As an example, HBR profiles Satya Nadella, current head of Microsoft. Mr. Nadella has rebuilt Microsoft from the Ballmer era “not through top-down decrees but by listening deeply to engineers, customers, and critics (a/k/a “stakeholders”) in the enterprise.

Tim Cook, currently CEO of Apple, spent years as the quietly empathetic operational lieutenant to Steve Jobs. He followed the data, processes, and expert input with near-religious discipline, qualities that later enabled him to create one of the most valuable companies in history.

Good followership: the missing element of leadership

Further, as the article points out, “Leaders are portrayed as visionary mavericks, charismatic disruptors, or moral change agents somehow blessed with a magical touch. And most research still treats followers as passive recipients of leadership.”

“Leadership and followership are a co-created, fluid, role-switching process rather than a fixed one-way hierarchy. Master the capacity to follow well, even from a position of power.”

“At its core, effective followership requires the capacity to learn, listen, collaborate, challenge, and adjust in service of something larger than oneself.” Ah, where have I heard that one before?
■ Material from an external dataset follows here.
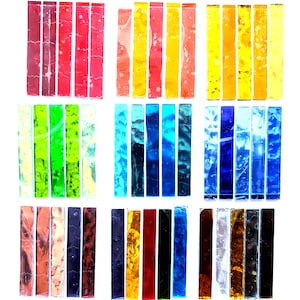 May include: A collection of rectangular glass strips arranged in a grid, featuring a wide spectrum of colors including red, orange, yellow, green, blue, purple, brown, black, and white, with varying textures and degrees of translucency.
Impressive results in business or life are more often than not a collective group effort. Not an individual lone ranger effort. Good leadership is defined as “the capacity to persuade a group of people to become a high-performing team.”

“Smart people learn from everything and everyone, average people from their experiences, stupid people already have all the answers.” (Socrates)

What wants to get in the way?

Followership skills don’t come naturally to most people. As such, effective leaders adapt and “rewire their neural nets.”

You see, once you are given the power to tell others what to do, others will typically follow, even when they don’t like it.

“Leadership is to make others want to follow them, which requires modeling good follower behavior as a leader: exhibiting humility, genuine curiosity, receptivity to feedback and dissent, loyalty to purpose rather than your own ego.”

Why good followership is the good leadership model for the future

Ai in the workplace is becoming ubiquitous. As a result, it is very quickly making everyone on the team an expert. I would encourage you to embrace it, not resent it. After all, you can’t know everything!

EQ (emotional intelligence) is what separates the great leaders from good leaders. “They must have the ability to create genuine connections and understand others’ feelings. They must bring people together, connect ideas, continually learn, and blend diverse perspectives. They need to understand when to step back, when to support others, and when to rely on someone else’s specialized knowledge.” Great football coaches know instinctively that coaching is tailored uniquely to the individual. Some need a shove, some need a shout, and some simply need to shut up and be left alone. 

Active listening

Nobody said this better and succinctly like Stephen Covey, “Seek first to understand, then be understood.”

Followers take in information without filtering it through ego, fear, or hierarchy. They don’t get defensive when new information is out of sync with their personal beliefs or ideas.

Prioritize purpose, not personal credit

Followers care more about team-based outcomes rather than individual accolades. 

“It is amazing what you can accomplish if you do not care who gets the credit.” (Harry S. Truman)

Reliable Execution

Followers are movers and shakers. Typically, they make things happen. They transform vision in a series of executable strategies that drive winning outcomes. Naturally, the same can be said of great leaders. 

Critical Dissent

“Competent followers challenge constructively. They ask questions, flag risks, and speak up when something is off, providing invaluable insights and intel on the organization, and helping things get better.”

Leaders’ who don’t resent pushback become a competitive advantage. It expands the organization’s intelligence beyond their own.”

Coachability

Followers are continuous learners. They learn to create and curate broader perspectives.

The best leaders are exemplary followers: people who actively listen, continuous learners, collaborators, question bravely, and adjust continually.

In closing

Because effective leaders follow so well, others willingly follow them.